- **ACTIVITY**
Word for word, retype the lines from the one containing "Subsonic - Auriculares" to the one containing "Finlands Flagga Silkes" below, keeping both end lines and dropping the pictures.

- **SUPPLIED RECORDS**
- - - -

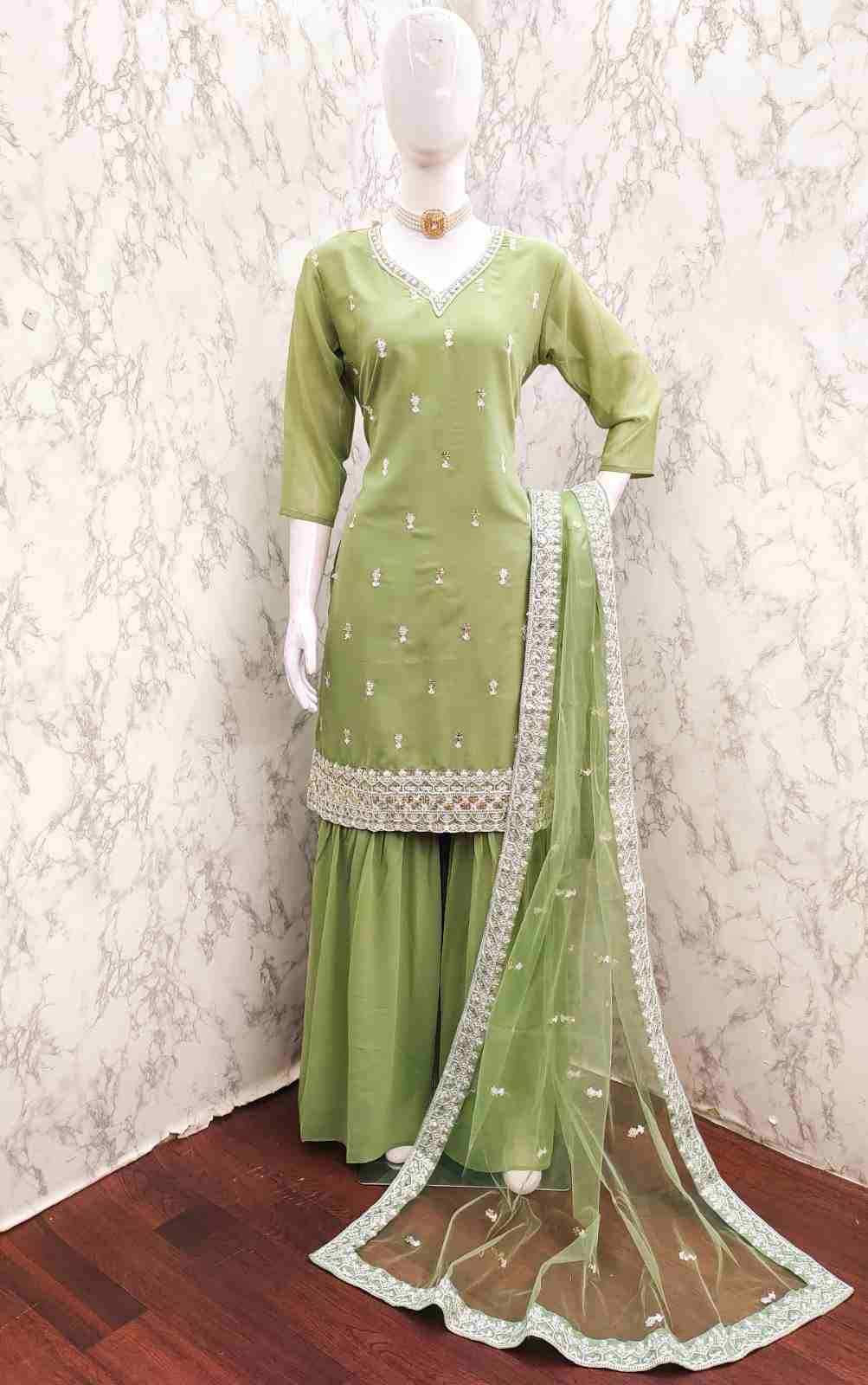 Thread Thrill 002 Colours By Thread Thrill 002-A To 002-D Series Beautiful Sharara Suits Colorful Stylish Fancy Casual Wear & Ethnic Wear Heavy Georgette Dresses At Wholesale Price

- - - -

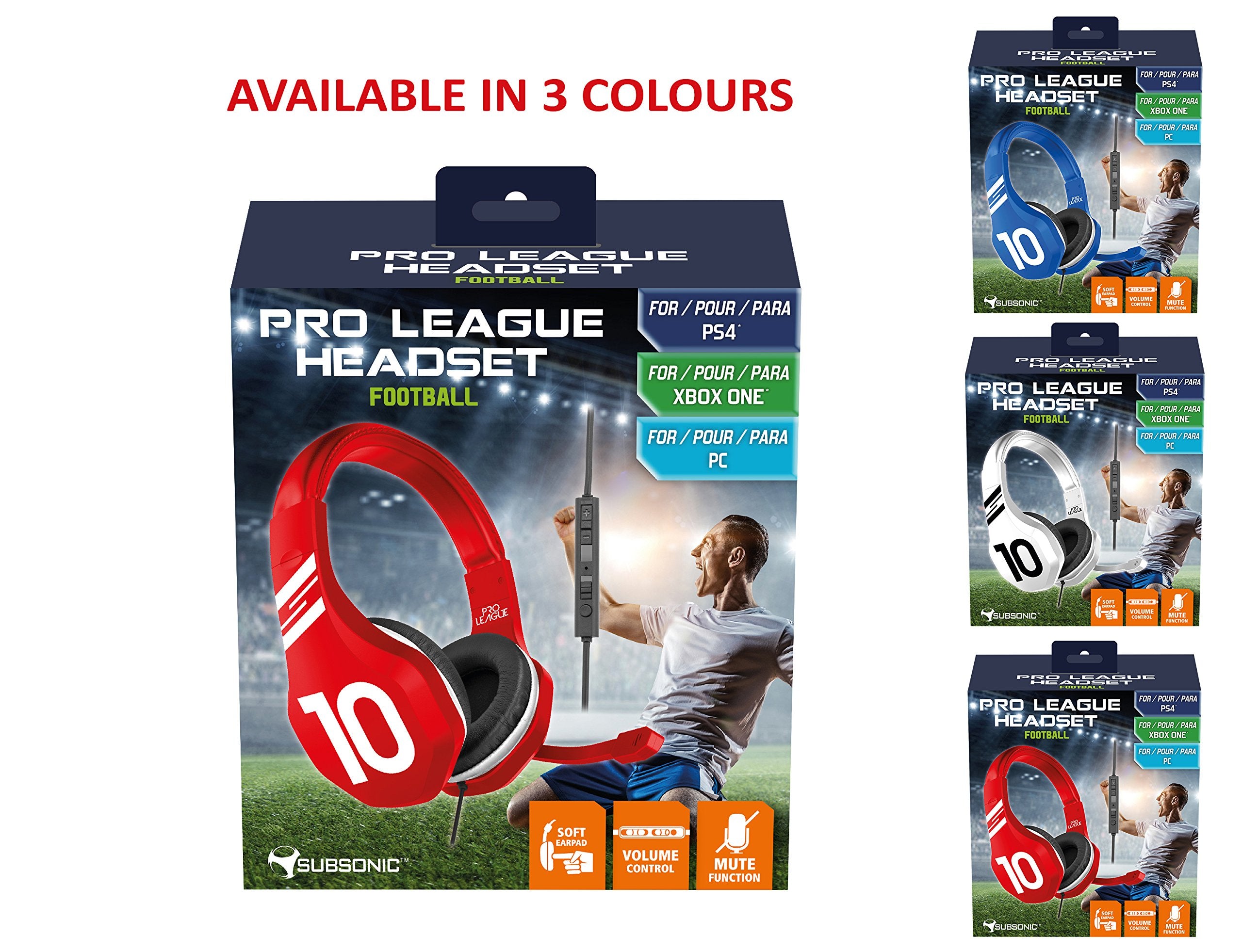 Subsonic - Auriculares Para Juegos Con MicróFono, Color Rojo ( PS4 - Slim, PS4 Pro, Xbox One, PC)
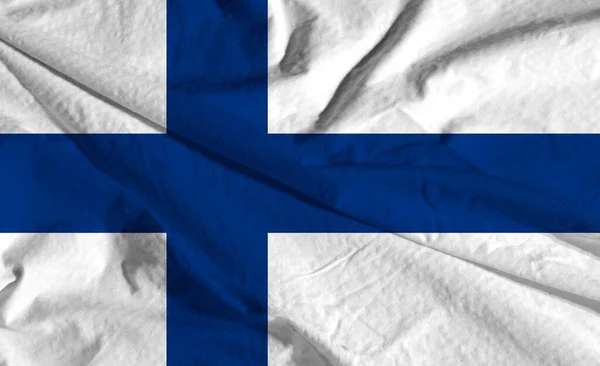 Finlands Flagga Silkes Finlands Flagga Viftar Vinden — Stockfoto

- - - -

- **TASK RESULT**
 Subsonic - Auriculares Para Juegos Con MicróFono, Color Rojo ( PS4 - Slim, PS4 Pro, Xbox One, PC)
 Finlands Flagga Silkes Finlands Flagga Viftar Vinden — Stockfoto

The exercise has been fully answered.